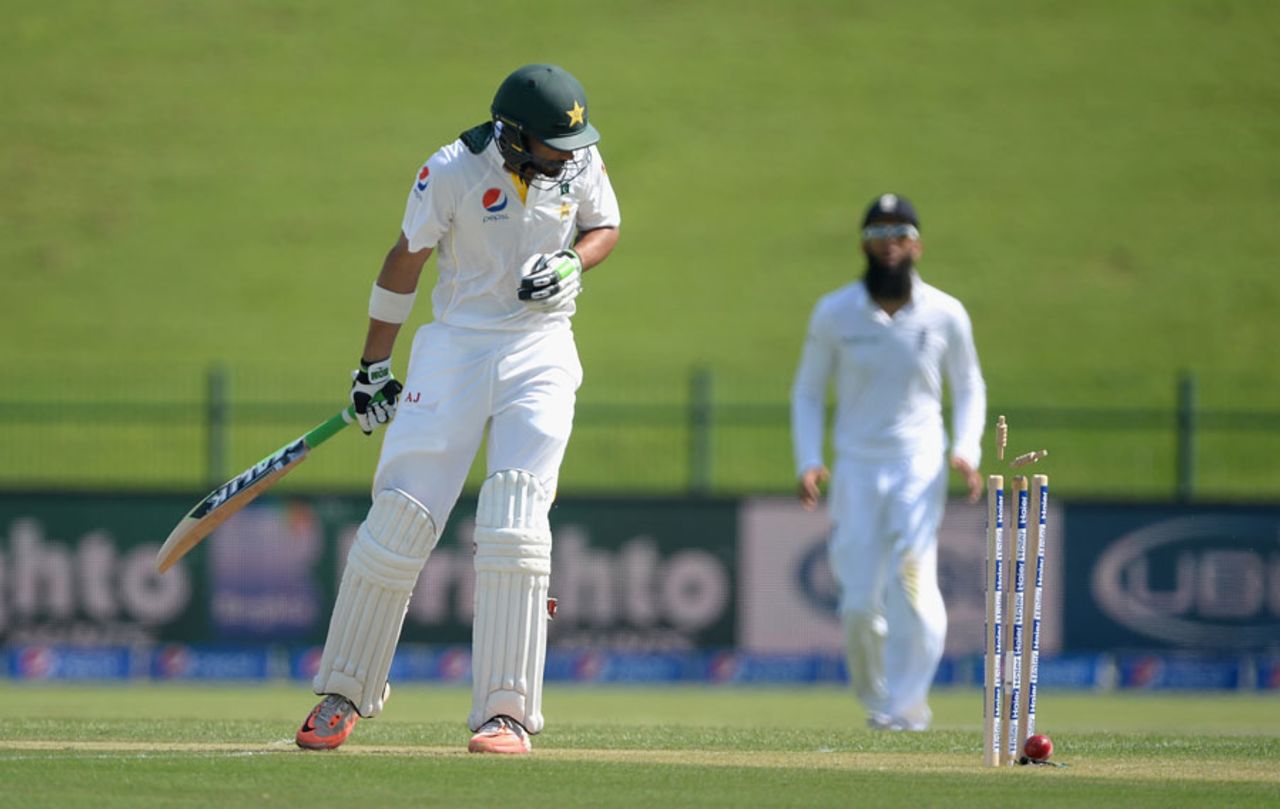Shan Masood deflected the ball on to his stumps, Pakistan v England, 1st Test, Abu Dhabi, 1st day, October 13, 2015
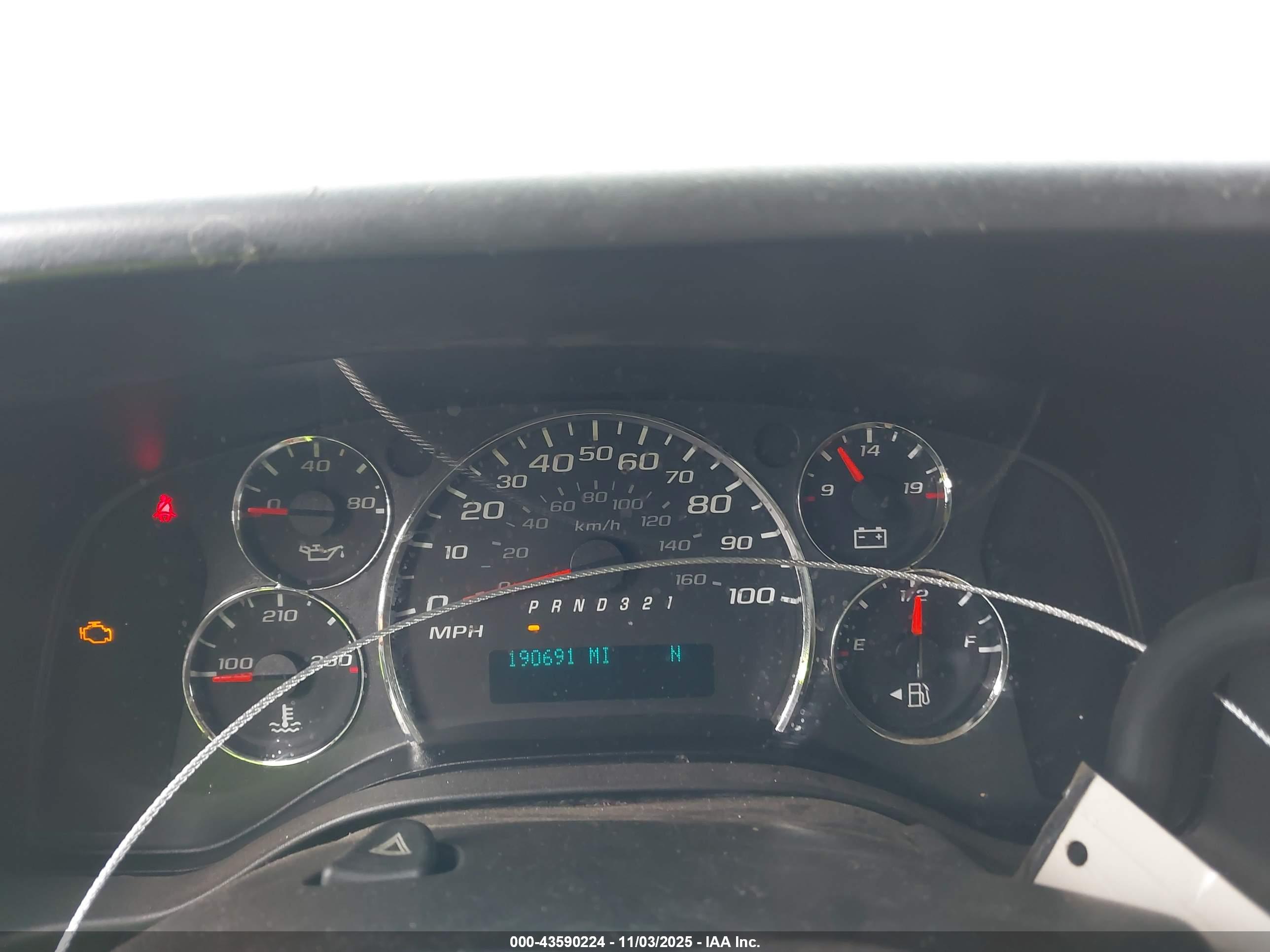 CHEVROLET EXPRESS image 7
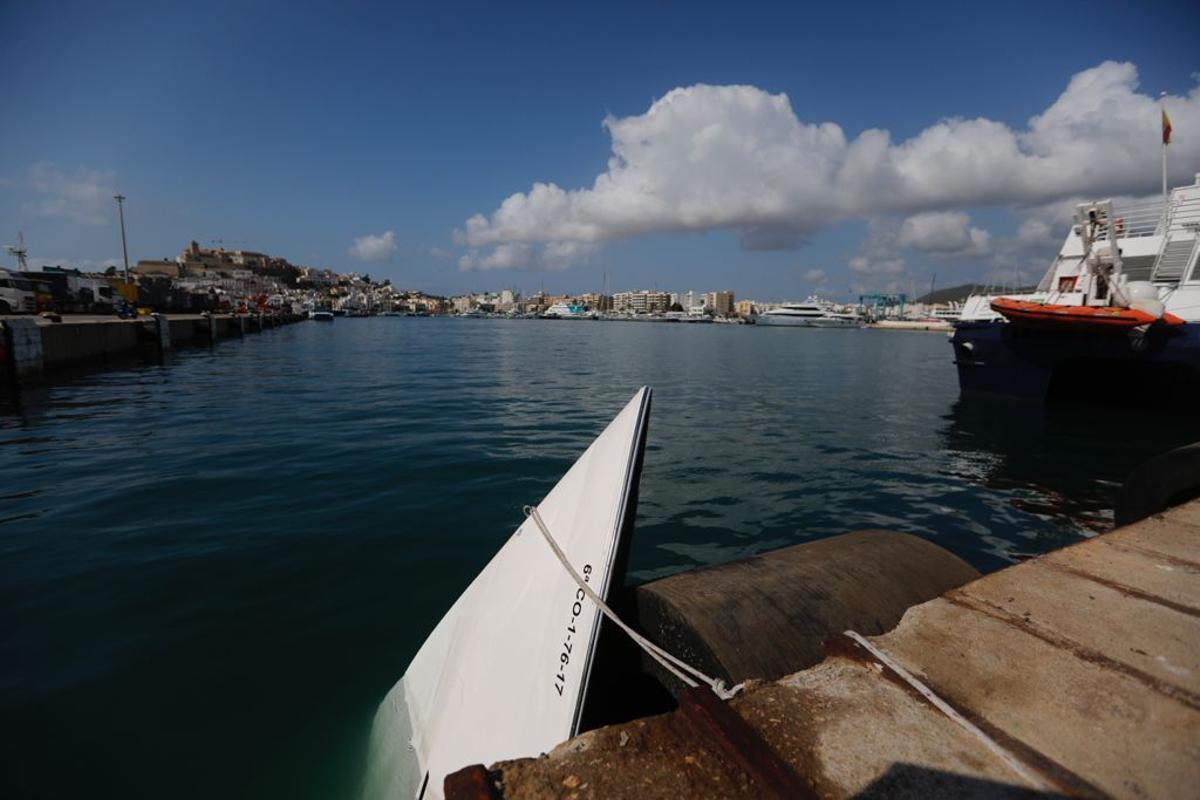 La barca arrollada por el ferri, en el puerto de Ibiza.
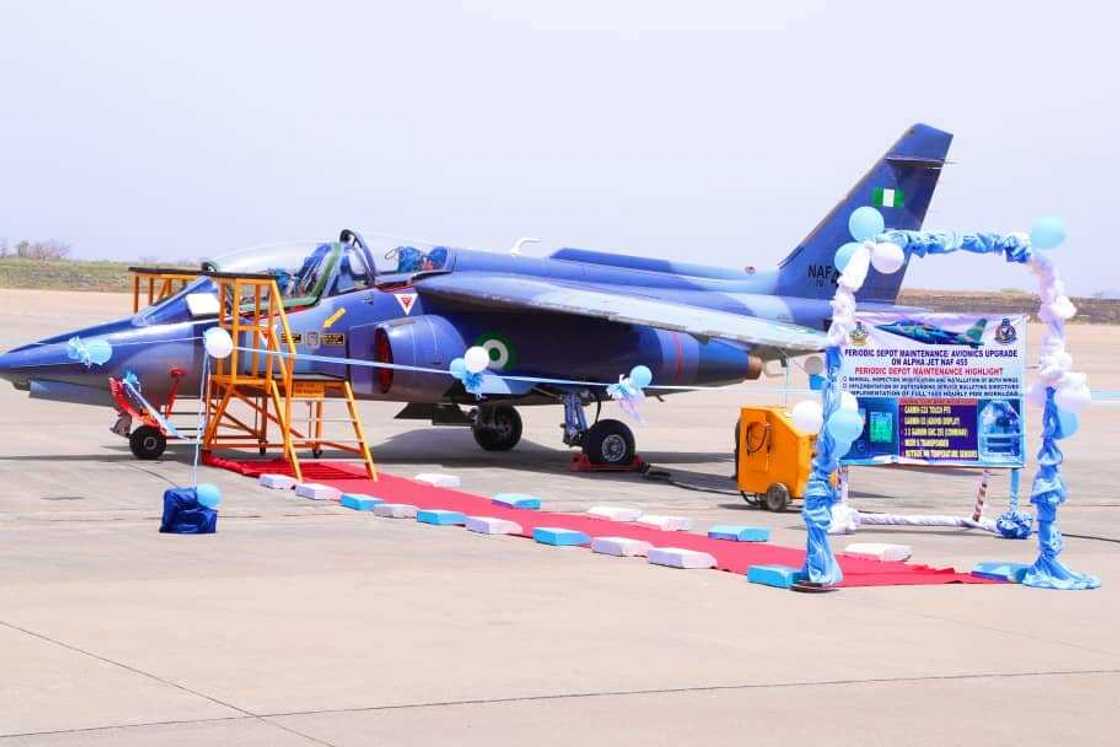 Yaki da ta'addanci: NAF ta kaddamar tare da yin gwajin sabon jirgin yaki (Hotuna) Yaki da ta'addanci: NAF ta kaddamar tare da yin gwajin sabon jirgin yaki (Hotuna)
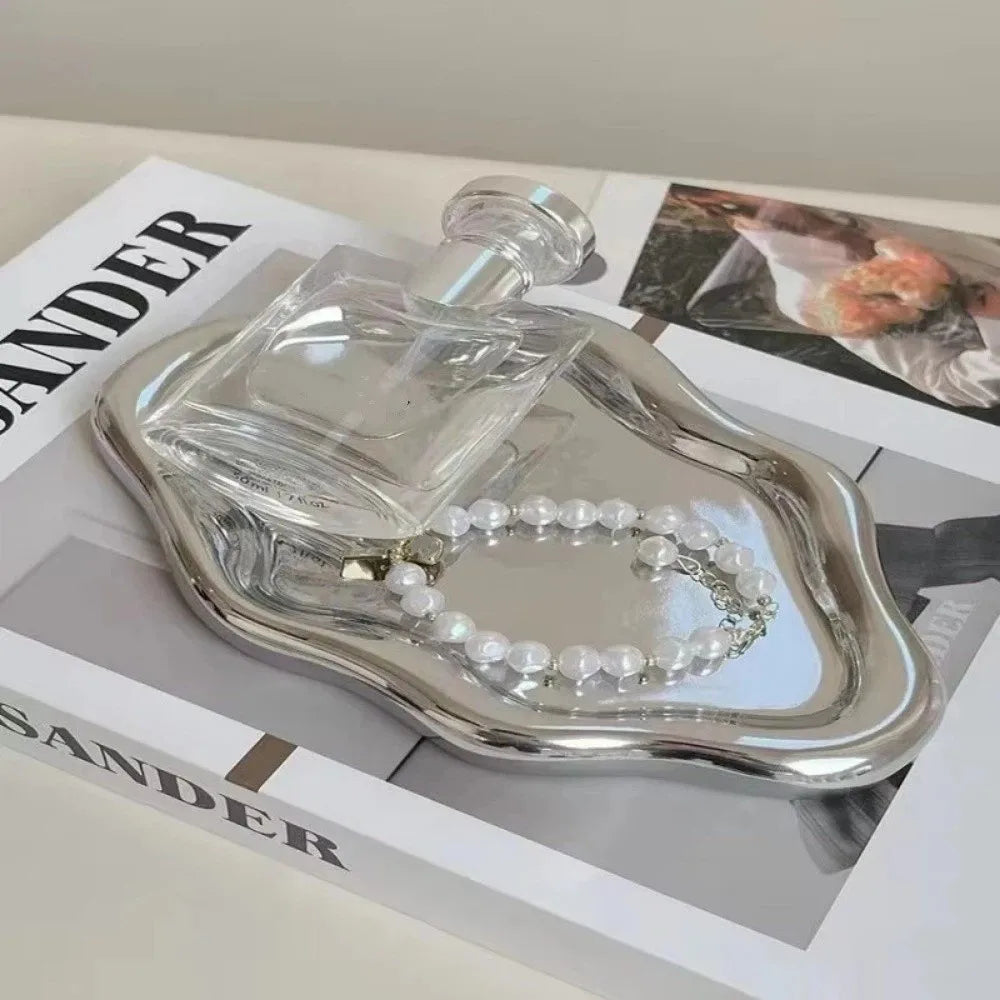 Mini Cloud-Shaped Plastic Jewelry Tray Light Luxury Display Plate for Watches and Keys
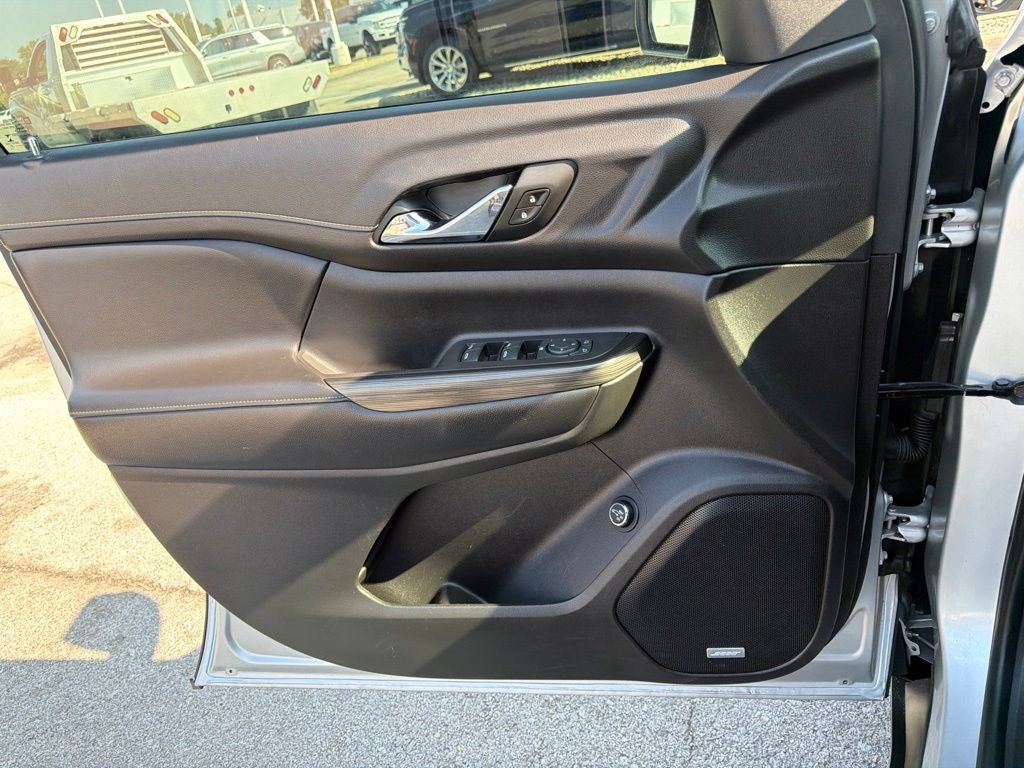 2020 GMC Acadia SLT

○ ○ ○ ○ ○ ○ ○

# Aim of the task
Exact copies of the lines from the one containing "La barca arrollada" through the final line of the data are required; pictures are to be omitted.

# Solution for this exercise
 La barca arrollada por el ferri, en el puerto de Ibiza.
 Yaki da ta'addanci: NAF ta kaddamar tare da yin gwajin sabon jirgin yaki (Hotuna) Yaki da ta'addanci: NAF ta kaddamar tare da yin gwajin sabon jirgin yaki (Hotuna)
 Mini Cloud-Shaped Plastic Jewelry Tray Light Luxury Display Plate for Watches and Keys
 2020 GMC Acadia SLT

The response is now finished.